Kings, which debuted at New York’s Public Theater last year, soberingly depicts how lobbyists and campaign funding can effectively neuter the most idealistic candidates. Sam Jackson plays Sydney Millsap, a freshman congressperson who’s both the first African American and the first woman to represent her Texas district and is determined to stand strong against corporate special interests and is under enormous pressure from colleagues and lobbyists alike. (The Public production starred Berkeley native Eisa Davis, whose play Bulrusher played Shotgun some years back.) That Millsap’s crusade is against a tax loophole for carried interest that’s been mighty lucrative for big business sounds mighty technical, but Dry Powder has already demonstrated how compelling dramatic Burgess can somehow make seemingly arcane financial details.
Directed by Joanie McBrien, the Shotgun production costars Sarah Mitchell, Elissa Beth Stebbins, and Don Wood as the forces determined to chip away at Congresswoman Millsap’s resolve.

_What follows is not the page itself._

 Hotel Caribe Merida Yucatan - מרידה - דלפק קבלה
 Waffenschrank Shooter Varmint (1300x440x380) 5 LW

Coming at a time when some freshman members of Congress are publicly trying to unveil some of Washington’s dirty little secrets, Kings isn’t just timely — it’s practically a duty of well-informed citizenship.
Kings, May 16-Jun. 16, 8 p.m. or 7 p.m. Wed.-Thu.; 8 p.m. Fri.-Sat.; 5 p.m. Sun; Ashby Stage, 1901 Ashby Ave., Berkeley, $7-$40, 510-841-6500, or ShotgunPlayers.org.